GOAL OF THE EXERCISE |
The answer must be an exact reproduction of the lines from the start of the records below through the line containing "Gri Regular Fit", and nothing more.
== RECORDS FOR THE TASK ==
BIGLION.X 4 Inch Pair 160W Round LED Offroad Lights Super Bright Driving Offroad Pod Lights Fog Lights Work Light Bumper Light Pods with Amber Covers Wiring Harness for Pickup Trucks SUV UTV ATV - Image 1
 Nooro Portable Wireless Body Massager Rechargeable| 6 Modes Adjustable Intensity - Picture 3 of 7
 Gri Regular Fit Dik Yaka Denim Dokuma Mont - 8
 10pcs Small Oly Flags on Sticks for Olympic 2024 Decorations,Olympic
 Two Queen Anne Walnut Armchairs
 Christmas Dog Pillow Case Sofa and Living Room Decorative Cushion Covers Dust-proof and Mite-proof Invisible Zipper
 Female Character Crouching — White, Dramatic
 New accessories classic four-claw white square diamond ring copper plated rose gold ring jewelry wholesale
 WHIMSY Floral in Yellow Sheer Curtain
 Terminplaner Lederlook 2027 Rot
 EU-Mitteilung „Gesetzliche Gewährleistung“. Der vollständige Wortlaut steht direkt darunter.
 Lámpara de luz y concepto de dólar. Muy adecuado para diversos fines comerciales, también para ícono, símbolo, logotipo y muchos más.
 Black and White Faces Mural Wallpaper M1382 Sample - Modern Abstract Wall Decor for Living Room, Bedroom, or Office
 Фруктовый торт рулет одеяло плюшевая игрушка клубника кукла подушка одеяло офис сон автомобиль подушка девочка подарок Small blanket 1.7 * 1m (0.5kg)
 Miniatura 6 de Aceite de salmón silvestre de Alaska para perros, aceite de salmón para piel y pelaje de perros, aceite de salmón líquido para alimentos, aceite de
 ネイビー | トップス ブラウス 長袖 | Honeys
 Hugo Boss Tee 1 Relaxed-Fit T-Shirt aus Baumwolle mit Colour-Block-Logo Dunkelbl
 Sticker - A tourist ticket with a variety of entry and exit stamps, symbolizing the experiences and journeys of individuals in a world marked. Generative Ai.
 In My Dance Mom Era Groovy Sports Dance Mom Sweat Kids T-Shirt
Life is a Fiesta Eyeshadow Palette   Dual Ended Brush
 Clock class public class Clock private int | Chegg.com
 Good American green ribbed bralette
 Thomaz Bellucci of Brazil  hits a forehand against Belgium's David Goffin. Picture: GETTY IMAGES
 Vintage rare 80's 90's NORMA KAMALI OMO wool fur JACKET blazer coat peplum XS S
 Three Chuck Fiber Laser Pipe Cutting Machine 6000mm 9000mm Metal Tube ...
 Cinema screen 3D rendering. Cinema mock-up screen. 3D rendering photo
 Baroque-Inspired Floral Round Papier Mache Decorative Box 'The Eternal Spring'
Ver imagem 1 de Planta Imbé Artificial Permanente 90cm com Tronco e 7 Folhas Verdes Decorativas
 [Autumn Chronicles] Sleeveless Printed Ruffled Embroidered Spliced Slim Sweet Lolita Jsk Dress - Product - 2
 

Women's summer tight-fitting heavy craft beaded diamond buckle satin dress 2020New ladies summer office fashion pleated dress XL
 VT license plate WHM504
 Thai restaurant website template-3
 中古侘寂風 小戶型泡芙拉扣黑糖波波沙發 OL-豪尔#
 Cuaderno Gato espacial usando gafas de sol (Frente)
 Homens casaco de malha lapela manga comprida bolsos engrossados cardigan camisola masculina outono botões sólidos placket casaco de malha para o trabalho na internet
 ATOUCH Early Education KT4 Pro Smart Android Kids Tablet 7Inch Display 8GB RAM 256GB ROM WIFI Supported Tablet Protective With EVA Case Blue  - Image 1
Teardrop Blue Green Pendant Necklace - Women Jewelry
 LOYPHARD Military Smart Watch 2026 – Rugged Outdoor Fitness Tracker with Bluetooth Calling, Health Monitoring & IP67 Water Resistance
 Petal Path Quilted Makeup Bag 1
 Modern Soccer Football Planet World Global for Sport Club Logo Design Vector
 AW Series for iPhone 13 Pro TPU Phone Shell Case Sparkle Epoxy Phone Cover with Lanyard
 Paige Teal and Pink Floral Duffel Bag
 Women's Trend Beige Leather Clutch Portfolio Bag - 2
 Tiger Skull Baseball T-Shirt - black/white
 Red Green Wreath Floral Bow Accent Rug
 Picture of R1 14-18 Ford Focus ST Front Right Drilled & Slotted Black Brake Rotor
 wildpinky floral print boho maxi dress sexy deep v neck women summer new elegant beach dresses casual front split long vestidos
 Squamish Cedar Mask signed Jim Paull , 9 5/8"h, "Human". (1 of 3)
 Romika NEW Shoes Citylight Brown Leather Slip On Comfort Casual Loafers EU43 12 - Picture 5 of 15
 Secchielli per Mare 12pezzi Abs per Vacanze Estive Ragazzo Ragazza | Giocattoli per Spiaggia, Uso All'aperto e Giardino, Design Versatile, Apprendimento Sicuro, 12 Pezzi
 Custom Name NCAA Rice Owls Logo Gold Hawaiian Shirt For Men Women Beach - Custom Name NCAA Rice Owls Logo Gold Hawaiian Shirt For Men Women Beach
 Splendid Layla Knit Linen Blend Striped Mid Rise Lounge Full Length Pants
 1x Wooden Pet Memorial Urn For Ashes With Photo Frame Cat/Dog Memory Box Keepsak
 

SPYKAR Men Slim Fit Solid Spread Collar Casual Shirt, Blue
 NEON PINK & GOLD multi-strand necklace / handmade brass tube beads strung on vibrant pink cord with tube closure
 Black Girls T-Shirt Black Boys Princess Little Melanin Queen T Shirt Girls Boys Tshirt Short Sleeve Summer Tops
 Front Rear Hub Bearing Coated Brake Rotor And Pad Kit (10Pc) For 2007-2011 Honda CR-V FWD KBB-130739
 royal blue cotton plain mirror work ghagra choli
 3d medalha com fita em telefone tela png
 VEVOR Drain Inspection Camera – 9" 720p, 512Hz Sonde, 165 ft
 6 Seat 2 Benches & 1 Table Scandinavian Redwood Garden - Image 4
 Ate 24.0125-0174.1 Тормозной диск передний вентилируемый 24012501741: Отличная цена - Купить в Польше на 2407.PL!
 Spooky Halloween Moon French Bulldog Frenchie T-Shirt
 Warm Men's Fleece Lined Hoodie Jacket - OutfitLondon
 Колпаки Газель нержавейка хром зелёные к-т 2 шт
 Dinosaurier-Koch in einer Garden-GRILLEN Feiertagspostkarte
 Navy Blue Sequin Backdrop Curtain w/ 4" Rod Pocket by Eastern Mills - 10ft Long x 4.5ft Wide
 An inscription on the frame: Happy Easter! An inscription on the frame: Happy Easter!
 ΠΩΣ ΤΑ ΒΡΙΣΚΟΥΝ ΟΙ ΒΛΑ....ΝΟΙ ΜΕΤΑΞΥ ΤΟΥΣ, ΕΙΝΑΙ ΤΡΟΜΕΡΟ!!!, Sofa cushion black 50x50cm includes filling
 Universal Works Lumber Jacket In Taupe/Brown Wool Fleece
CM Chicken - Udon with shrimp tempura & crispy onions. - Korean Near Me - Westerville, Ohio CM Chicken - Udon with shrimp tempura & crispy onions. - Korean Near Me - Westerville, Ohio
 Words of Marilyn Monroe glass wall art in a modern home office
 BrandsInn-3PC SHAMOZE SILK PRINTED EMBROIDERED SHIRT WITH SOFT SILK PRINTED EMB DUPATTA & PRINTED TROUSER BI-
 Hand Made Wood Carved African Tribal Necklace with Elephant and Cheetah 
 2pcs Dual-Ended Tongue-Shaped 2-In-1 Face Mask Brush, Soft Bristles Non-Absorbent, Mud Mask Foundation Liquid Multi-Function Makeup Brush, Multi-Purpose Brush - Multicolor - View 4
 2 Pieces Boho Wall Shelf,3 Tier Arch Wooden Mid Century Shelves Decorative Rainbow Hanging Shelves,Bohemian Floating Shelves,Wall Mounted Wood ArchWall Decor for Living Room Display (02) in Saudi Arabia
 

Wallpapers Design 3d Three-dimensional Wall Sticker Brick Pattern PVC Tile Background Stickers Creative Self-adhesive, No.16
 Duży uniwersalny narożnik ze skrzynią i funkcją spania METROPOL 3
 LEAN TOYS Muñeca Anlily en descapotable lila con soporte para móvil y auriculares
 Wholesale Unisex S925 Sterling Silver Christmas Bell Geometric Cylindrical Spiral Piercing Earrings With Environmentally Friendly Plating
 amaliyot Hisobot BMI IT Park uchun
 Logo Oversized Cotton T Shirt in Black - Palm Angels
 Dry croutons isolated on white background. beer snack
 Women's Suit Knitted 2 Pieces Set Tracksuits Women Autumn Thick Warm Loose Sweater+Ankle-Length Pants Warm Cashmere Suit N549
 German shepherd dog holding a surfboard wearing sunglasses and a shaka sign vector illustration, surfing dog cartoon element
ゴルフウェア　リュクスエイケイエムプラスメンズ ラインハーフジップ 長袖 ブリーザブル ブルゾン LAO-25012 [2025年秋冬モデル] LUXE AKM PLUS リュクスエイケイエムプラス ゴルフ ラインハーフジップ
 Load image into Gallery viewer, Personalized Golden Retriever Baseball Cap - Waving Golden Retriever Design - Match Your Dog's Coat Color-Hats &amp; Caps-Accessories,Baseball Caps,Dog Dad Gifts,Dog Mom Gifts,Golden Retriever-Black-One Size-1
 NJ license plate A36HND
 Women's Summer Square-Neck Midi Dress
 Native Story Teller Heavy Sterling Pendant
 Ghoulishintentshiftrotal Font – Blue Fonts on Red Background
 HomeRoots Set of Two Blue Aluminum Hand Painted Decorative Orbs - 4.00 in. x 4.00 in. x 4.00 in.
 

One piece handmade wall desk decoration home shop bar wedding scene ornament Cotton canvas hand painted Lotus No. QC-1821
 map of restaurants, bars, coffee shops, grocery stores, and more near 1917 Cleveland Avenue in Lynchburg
===
ANSWER SPACE |
BIGLION.X 4 Inch Pair 160W Round LED Offroad Lights Super Bright Driving Offroad Pod Lights Fog Lights Work Light Bumper Light Pods with Amber Covers Wiring Harness for Pickup Trucks SUV UTV ATV - Image 1
 Nooro Portable Wireless Body Massager Rechargeable| 6 Modes Adjustable Intensity - Picture 3 of 7
 Gri Regular Fit Dik Yaka Denim Dokuma Mont - 8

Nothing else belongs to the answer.